An official spokesperson for Polygon noted, “While we appreciate the input from our community and investors, any changes to our tokenomics will be considered carefully to ensure they align with our long-term vision. We are dedicated to transparency and welcome continued dialogue on how best to achieve our shared goals.”
Looking Ahead
As the debate intensifies, the future of Polygon’s tokenomics remains uncertain. However, the discussion itself underscores the dynamic nature of the cryptocurrency industry, where adaptability and community engagement are crucial for success. Whether Polygon will adopt the activist’s recommendations or chart a different course remains to be seen, but the conversation has certainly catalyzed a reexamination of the network’s economic policies.
In the coming weeks, stakeholders will be closely monitoring Polygon’s next moves. As the network continues to innovate and expand its reach, the resolution of this tokenomics debate could play a pivotal role in shaping its trajectory and influence within the broader blockchain ecosystem.

Steve Gregory is a lawyer in the United States who specializes in licensing for cryptocurrency companies and products.
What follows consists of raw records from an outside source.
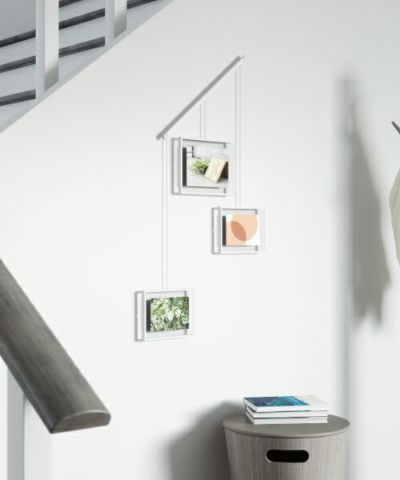 【300円クーポン】umbra アンブラ イグジビット フォトフレーム 3個セット　壁掛け インテリア 家具 北欧家具　プレゼント 新居祝い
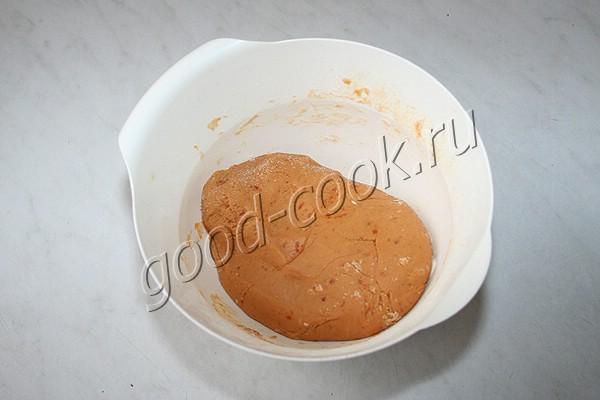 пряничное тесто на карамели и сливочном масле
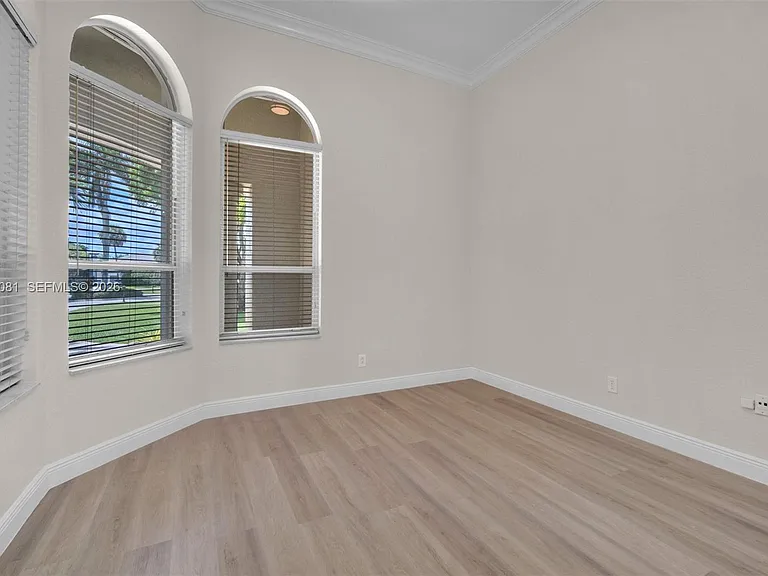 16310 Paddock Ln — Photo 23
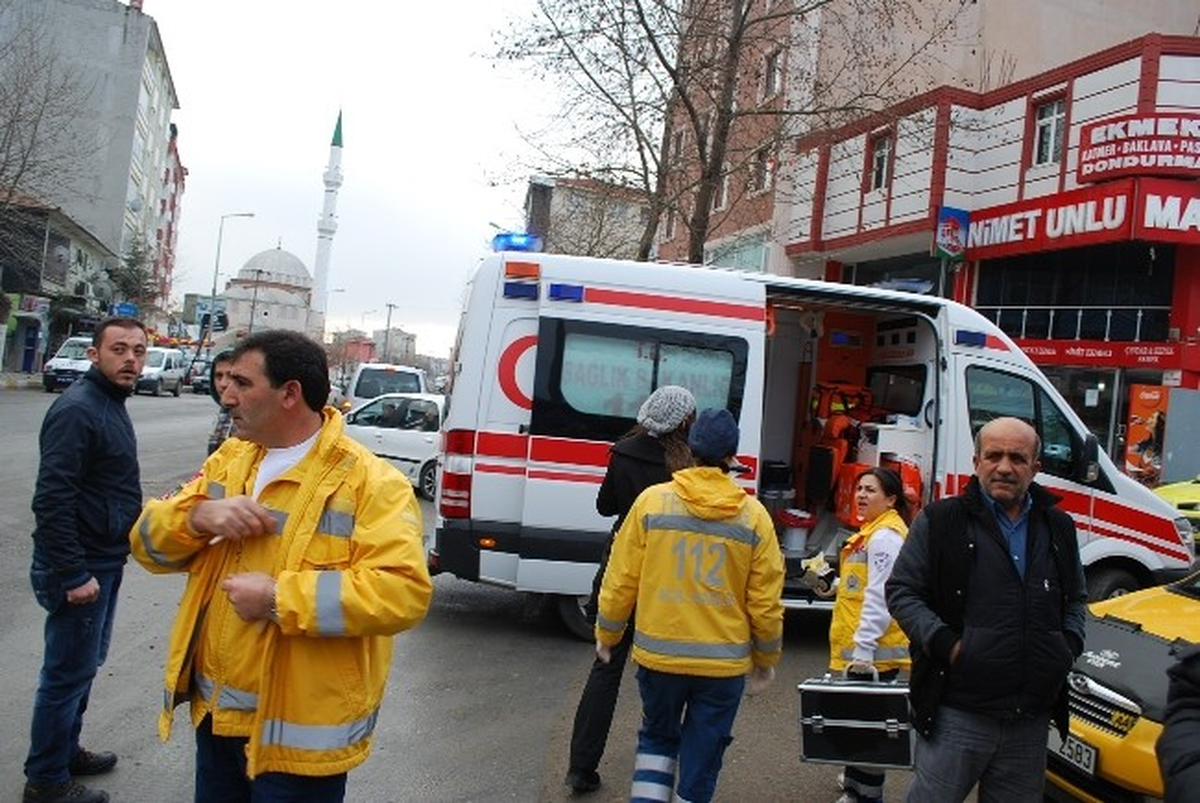 Duran Minibüse Çarptı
Steve began his career as an attorney in 2015 but made the switch to working in cryptocurrency full time shortly after joining the original team at Gemini Trust Company, an early cryptocurrency exchange based in New York City. Steve then joined CEX.io and was able to launch their regulated US-based cryptocurrency. Steve then went on to become the CEO at currency.com when he ran for four years and was able to lead currency.com to being fully acquired in 2025.